CARNEGIE MELLON UNIVERSITY, PLAINTIFF,
v.
MARVELL TECHNOLOGY GROUP, LTD. AND MARVELL SEMICONDUCTOR, INC. DEFENDANTS.



The opinion of the court was delivered by: Nora Barry Fischer United States District Judge

MEMORANDUM OPINION

I. INTRODUCTION

A. Factual Background

This is a patent infringement action in which Plaintiff Carnegie Mellon University ("CMU"), a Pennsylvania not-for-profit educational institution, alleges that Defendants Marvell Semiconductor, Inc. ("MSI"), a California corporation, and Marvell Technology Group, Ltd. (MTGL), a Bermuda corporation, (collectively "Marvell") have infringed two of its patents: Patent No. 6,201,839 ("the '839 patent") and Patent No. 6,438,180 ("the '180 patent"). MSI is an indirect subsidiary of MTGL. The patented inventions were developed at CMU's Data Storage Systems Center ("DSSC") and cover systems and methods to increase the accuracy with which hard disk drive circuits read the data on magnetic disks (Docket no. 33 at 5).

B. Procedural Background

Plaintiff CMU filed a Complaint in this matter on March 6, 2009 (Docket No. 1), alleging infringement of the two patents. Defendants Marvell filed an Answer on June 1, 2009 (Docket No. 13), denying infringement, raising the affirmative defenses of non-infringement, invalidity, laches, and damages and relief limitations. Defendants Marvell simultaneously filed counterclaims seeking declaratory judgments of non-infringement and invalidity for both patents (Docket No. 13). On June 19, 2009, Plaintiff filed its Answer with affirmative defenses to the counterclaims (Docket No. 20), stating that they failed to state a claim upon which relief could be granted, that the patents are valid and enforceable, and that the counterclaims were barred by estoppel, waiver, laches, and/or unclean hands. On July 7, 2009, Defendants filed a Motion to Transfer the case to the Northern District of California and a supporting brief (Docket No. 25, 26). On July 17, 2009, Plaintiff filed a Brief in Opposition to Defendants' Motion to Transfer (Docket No. 33), and on July 22, 2009 Defendants filed a Reply Brief (Docket No. 36). After a case management conference on July 23, 2009 (Docket No. 37), this Court issued an agreed-upon Scheduling Order (Docket No. 38). The Court heard oral arguments on the Motion to Transfer on August 27, 2009 and took the motion under advisement (Docket No. 45).

For the reasons outlined herein, Defendants' Motion to Transfer Venue to the Northern District of California. (Docket No. 25) is DENIED.

II. LEGAL STANDARD

Pursuant to 28 U.S.C.§ 1404(a), a district court may transfer a civil case to another district "[f]or the convenience of the parties and witnesses, in the interest of justice." 28 U.S.C. § 1404(a).

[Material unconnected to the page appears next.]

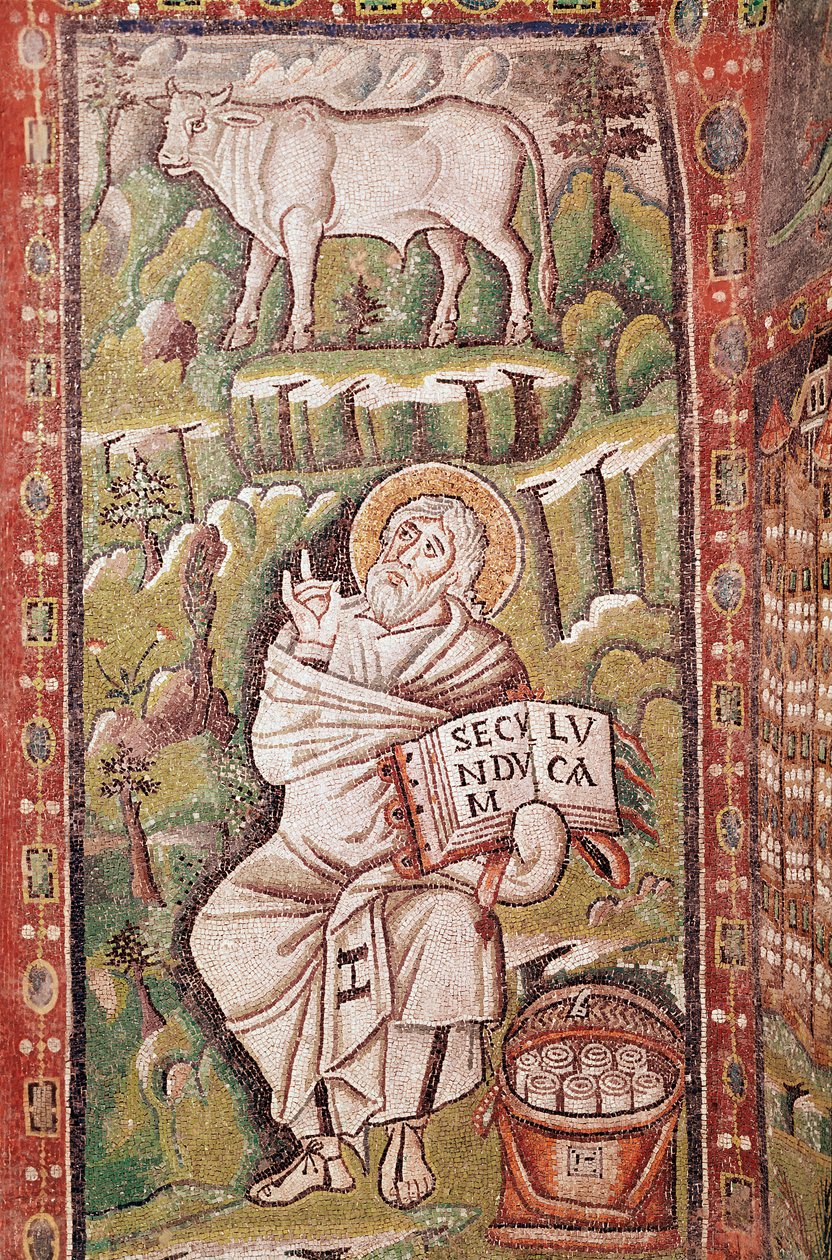 Evangelisten Lukas (mosaikdetalje, 6. århundrede) af Byzantine School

Such transfers "are discretionary determinations made for the convenience of the parties and presuppose that the court has jurisdiction and that the case has been brought in the correct forum." Lafferty v. Gito St. Riel, 495 F.3d 72, 76, 79 n.8 (3d Cir. 2007). The parties agree that this Court has jurisdiction and that venue would be proper in the Northern District of California. (Docket No. 26 at 13; Docket No. 33 at 12).

Upon a determination that another forum would have also been proper, the moving party bears the burden of showing the need for transfer. See Jumara v. State Farm Ins. Co., 55 F.3d 873, 879 (3d Cir. 1995). The moving party must show that "on balance the litigation would more conveniently proceed and the interests of justice be better served by transfer to a different forum." Jumara, 55 F.3d at 879 (internal quotations omitted). The United States Court of Appeals for the Third Circuit has outlined the private and public factors for the Court to consider in exercising its discretion. Id. The relevant private factors to consider include (1) each party's forum preference; (2) where the claim arose; (3) the convenience of the parties as indicated by their relative physical and financial conditions; (4) the convenience of the witnesses; and (5) the locations of books and records. Jumara, 55 F.3d at 879; see also In re Amendt, 169 Fed. Appx. 93, 96 (3d Cir. 2006)(same). The Court also considers a number of public factors, including (1) enforceability of judgment; (2) practical considerations that could make the trial easy, expeditious or inexpensive; (3) the relative administrative difficulty in the two fora resulting from court congestion; (4) the local interest in deciding local controversies at home; (5) the public policies of the fora; and (6) the familiarity of the trial judge with the applicable state law in diversity cases. Jumara, 55 F.3d at 879; see also In re Amendt, 169 Fed. Appx. At 96 (same).

III. DISCUSSION

"Section 1404(a) is intended to place discretion in the district court to adjudicate motions for transfer according to an 'individualized, case-by-case consideration of convenience and fairness.' . . . A motion to transfer under § 1404(a) thus calls on the district court to weigh in the balance a number of case-specific factors." Stewart Org. Inc. v. Ricoh Corp., 487 U.S. 22, 29 (1988) (citations omitted). "The above list of factors is merely a guide, and not all the factors may be relevant or determinative in each case." LG Electronics, Inc. v. First Intern. Computer, Inc., 138 F. Supp. 2d 574, 587 (D. N.J., 2001). "Depending on the nature and facts of the case, these factors often overlap and are intertwined" so courts are rightly careful to avoid "double-counting" the same information under multiple factors. Gonzales v. Supervalu Transport, Inc., 2008 WL 943018, 1 (E.D .Pa.) (E.D.Pa., 2008); See also Affymetrix, Inc. v. Synteni, Inc., 28 F. Supp.2d 192 (D. Del.,1998); Terra Intern., Inc. v. Mississippi Chemical Corp.,922 F. Supp. 1334, 1358 n.18 (N.D.Iowa,1996).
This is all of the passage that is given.